The study has several limitations which are worth mentioning: only quantitative data was available for this study and yet it would have provided concretised findings had there been qualitative data; case-control design is prone to recall bias as participants have to recall some events that occurred sometimes in their lives and selection bias due to the fact that some girls selected as controls may have in fact been cases because of lack of disclosure caused by stigma surrounding teenage pregnancy. The results for school attendance and control over sex showed high point estimates with wide confidence intervals which could have reduced the level of precisions of their measures. Furthermore; pregnancy test was not conducted to confirm the pregnancy status of teenage girls, those who were one or 2 weeks pregnant could have not realized they were pregnant and therefore included as controls (non-pregnant).

Conclusions

In conclusion, the study considered predictor (behavioural, familial and social) variables which were used to determine associations with teenage pregnancy. After adjusting with all other predictor variables and effect modification with marital status, demographic factors that became significantly associated with teenage pregnancy were: older age of respondents (15–19 years), living in rural areas and school attendance. Behavioural factors associated with teenage pregnancy in Lira District included: irregular contraceptive use, having multiple partners and frequent sex by teens. Familial factors significantly associated with teenage pregnancy were: being in a household with low socio-economic status, domestic violence, physical neglect and parental separation/divorce. Marital status was found to be an effect modifier other than independent predictor. Meanwhile social factors comprised of: peer pressure, sexual abuse, lack of control over sex and lack of awareness on adolescent sexual and reproductive health. The findings of this study can help to improve adolescent sexual and health services in low-income settings.

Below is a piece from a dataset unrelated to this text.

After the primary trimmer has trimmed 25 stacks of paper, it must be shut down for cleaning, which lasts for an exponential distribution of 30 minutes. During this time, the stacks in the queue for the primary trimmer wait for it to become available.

We therefore, recommend government to formulate programmes and policies aimed at: retaining married and pregnant girls in schools; promoting sex education aimed at abstinence from sex; allowing contraceptive use among teenage girls in communities and schools and ensure availability and accessibility of modern contraceptive methods; creating dialogue with parents with the view of discouraging early marriages of teenage girls; community sensitization so as to avoid groups that influence peers to engage in risky behaviours and early sex; strengthening the implementation of existing laws in order to deter sexual abusers; and promoting sexual and reproductive rights of teenage girls so that they have full control in making decisions concerning their sexual life. Finally, we suggest a more comprehensive study involving both quantitative and qualitative method for better understanding of how contextual factors influence teenage pregnancy.